At age 17, after writing and directing five plays in high school, Doremus and best friend Jones bought a digital camera and his passion for film began. The lure, he says, was that, unlike improv, "you could perfect a moment, you could keep improving and get it right. I thought, 'What an exciting new development.' "
Doremus was so excited he dropped out of high school and never went back (though he does have a GED). "I just wanted to be writing and directing," he says. "There was no time for chemistry and math." He didn't go to college but at age 19 was the then-youngest person ever accepted by the AFI's Center for Advanced Film and Television Studies. "The first day, everyone went out to Ye Rustic Inn in Los Feliz for drinks, but I was too young, I couldn't go," he remembers. "So I went home and started writing."
Doremus' excellent first two films didn't live up to their commercial potential. "Spooner," starring Matthew Lillard, was a hit at Slamdance but is only now getting distribution. Last year's "Douchebag," also in Sundance competition, was fatally sabotaged by its unendurable title; the film, according to the website Box Office Mojo, grossed just $20,615 in limited release last year.
Making it possible for Doremus to work so regularly are the efforts of longtime collaborator Jonathan Schwartz, who produced all three of Doremus' films and saw to it that "Like Crazy" had the biggest budget of the group.
" 'Like Crazy,' " the director says, "feels like a more mature film in a lot of ways." And it benefits from the confidence he gained making these first two. After casting Yelchin, who played Chekov in 2009's "Star Trek," and "Winter's Bone's" Jennifer Lawrence in a supporting role, Doremus still had to select a British actress for his female lead.
"I saw 10 young British actresses over here, and they didn't feel quite right," he says. "Felicity Jones was interested, but she was in London. So she sent me a tape she made of one of the first moments in the film and the last scene. I saw that scene and I told her, 'How soon can you get to L.A.?' It was dangerous to cast a movie like this without seeing her in person, without seeing her with Anton. It was such a gut call."

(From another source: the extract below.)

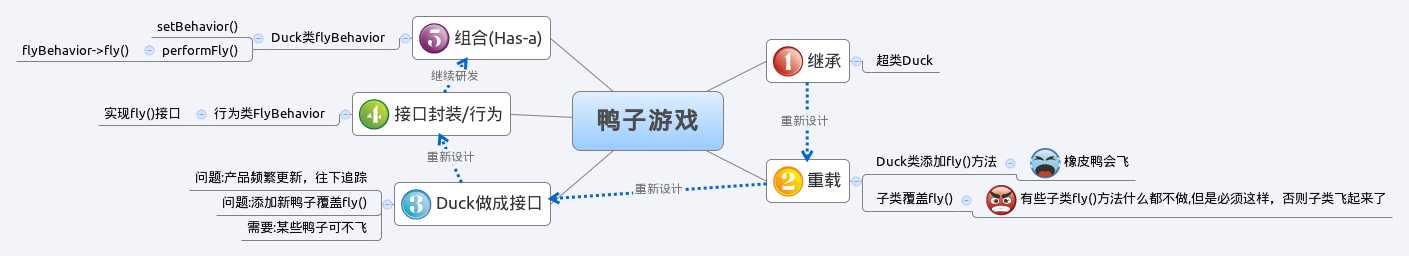 bubuko.com,布布扣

Casting was critical for "Like Crazy" because Doremus made the film in an unusual, quasi-improvisational manner. "I start with a 50-page outline," he explains. "Typically each scene has two pages about things like objectives and subtext. Then it's all about the rehearsal process. We go for two weeks and get a rough idea of what the scene is, but not quite figure it out. If we click too well in rehearsal, we've gotten to the truth too fast."
It's on the set "that they have the opportunity to just fly," the director says. "If the actors are willing to react truthfully in the moment, amazing things happen."

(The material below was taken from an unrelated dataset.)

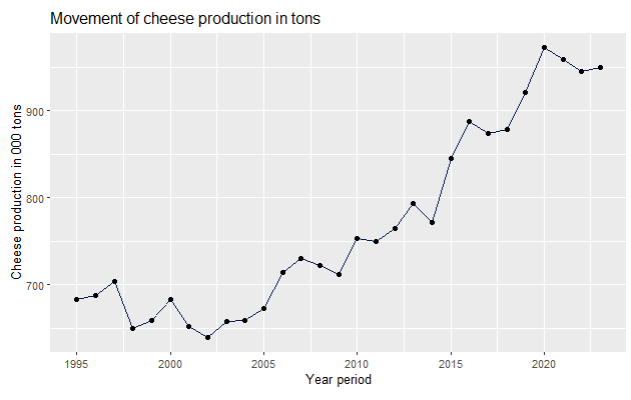 This is a scatterplot of cheese production in tons in R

To encourage that process, Doremus encouraged his actors to stay in character on set. "There are no off-camera moments. Sometimes the takes would last an hour without cutting," he explains. "It wasn't 'hit this beat, hit this beat, and we'll cut,' I wanted to feel these were real conversations, truthful conversations."

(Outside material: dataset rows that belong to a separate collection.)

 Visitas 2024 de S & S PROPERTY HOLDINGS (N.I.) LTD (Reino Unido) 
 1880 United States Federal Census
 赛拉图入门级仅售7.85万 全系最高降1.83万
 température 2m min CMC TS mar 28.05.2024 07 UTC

His goal, Doremus says, is "to create and guide moments when the actors so lose themselves in the movie they're completely unaware of what they're doing." For a director, this process is "not about showing up and seeing what happens," he says. "It needs a lot of preparation, and you have to know when you've gotten it and can move on. At the end of the day, that's what you have. Your instincts of what that moment is is what makes a filmmaker."